Model returns json file with retells and some log info, after that retells are cleared and prettified,
then prepared texts are parsed into corresponding corpuses.

In [None]:
from tg.ca.book_fragments.utils.parse_retells_to_corpus import parse_retells_to_corpus

In [None]:
parse_retells_to_corpus(
    Path('./files/fragments/eng_crime_and_punishment_fragments.json'),
    Path('./source/retell/eng/eng_crime_and_punishment_fragments.json'),
    Path('./files/eng_crime_and_punishment_retell.base.zip'),
)

In [None]:
parse_retells_to_corpus(
    Path('./files/fragments/ru_crime_and_punishment_fragments.json'),
    Path('./source/retell/ru/ru_crime_and_punishment_fragments.json'),
    Path('./files/ru_crime_and_punishment_retell.base.zip'),
)

In [None]:
ru_retell_reader = CorpusReader(Path('./files/ru_crime_and_punishment_retell.base.zip'))
ru_retell = ru_retell_reader.get_toc().index
ru_retell_reader.get_frames().first()

In [None]:
eng_retell_reader = CorpusReader(Path('./files/eng_crime_and_punishment_retell.base.zip'))
eng_retell = eng_retell_reader.get_toc().index
eng_retell_reader.get_toc()

Functions for convenient parallel corpus assemblying.

In [None]:
import pandas as pd

def add_relation(df_1,df_2,name_1,name_2):
    rel_1 = pd.DataFrame({'file_1':df_1, 'file_2':df_2,'relation_name':f"{name_1}_{name_2}"})
    rel_2 = pd.DataFrame({'file_1':df_2, 'file_2':df_1,'relation_name':f"{name_2}_{name_1}"})
    rel = pd.concat([rel_1,rel_2])
    return rel

def add_dfs(name):
    frames = list(name.get_frames())
    dfs = dict(zip(name.get_toc().index,frames))

    return dfs

Record english and russian books corpuses.

In [None]:
eng_book_reader = CorpusReader(Path('./files/eng_crime_and_puhishment.base.zip'))
eng_book_reader.get_toc()

In [None]:
ru_book_reader = CorpusReader(Path('./files/ru_crime_and_puhishment.base.zip'))
ru_book_reader.get_toc()

In [None]:
CorpusBuilder.update_parallel_data(
    Path('./files/parallel_corpus.zip'),
    add_dfs(eng_book_reader),
    "eng_book",
    None)

CorpusBuilder.update_parallel_data(
    Path('./files/parallel_corpus.zip'),
    add_dfs(ru_book_reader),
    "ru_book",
    None)

Record english and russian retells, add relations to books.

In [None]:
eng_retell_reader = CorpusReader(Path('./files/eng_crime_and_punishment_retell.base.zip'))
eng_retell_reader.get_toc()

In [None]:
ru_retell_reader = CorpusReader(Path('./files/ru_crime_and_punishment_retell.base.zip'))
ru_retell_reader.get_toc()

In [None]:
CorpusBuilder.update_parallel_data(
    Path('./files/parallel_corpus.zip'),
    add_dfs(eng_retell_reader),
    "eng_retell",
    add_relation(eng_book_reader.get_toc().index, eng_retell_reader.get_toc().index, "eng_book", "eng_retell"))

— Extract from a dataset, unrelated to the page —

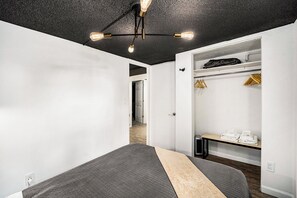 5 chambres, fer et planche à repasser, lit parapluie, Wi-Fi gratuit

CorpusBuilder.update_parallel_data(
    Path('./files/parallel_corpus.zip'),
    add_dfs(ru_retell_reader),
    "ru_retell",
    add_relation(ru_book_reader.get_toc().index, ru_retell_reader.get_toc().index, "ru_book", "ru_retell"))

In [None]:
path_parallel_corpus = Path('./files/parallel_corpus.zip')

In [None]:
!pip install googletrans==3.1.0a0

Add data with translated english retell.

In [None]:
from tg.ca.utils_translate import translate_subcorpus

translate_subcorpus(path_parallel_corpus,"eng_retell")

Finally, show parallel corpus contents.

In [None]:
reader = CorpusReader(path_parallel_corpus)
df = reader.get_toc()
df.subcorpus_name.unique()

Clear corpuses

In [None]:
import os
from pathlib import Path

# os.remove(Path('./files/eng_crime_and_puhishment.base.zip'))
# os.remove(Path('./files/ru_crime_and_puhishment.base.zip'))
os.remove(Path('./files/eng_crime_and_punishment_retell.base.zip'))
os.remove(Path('./files/ru_crime_and_punishment_retell.base.zip'))
os.remove(Path('./files/translate.base.zip'))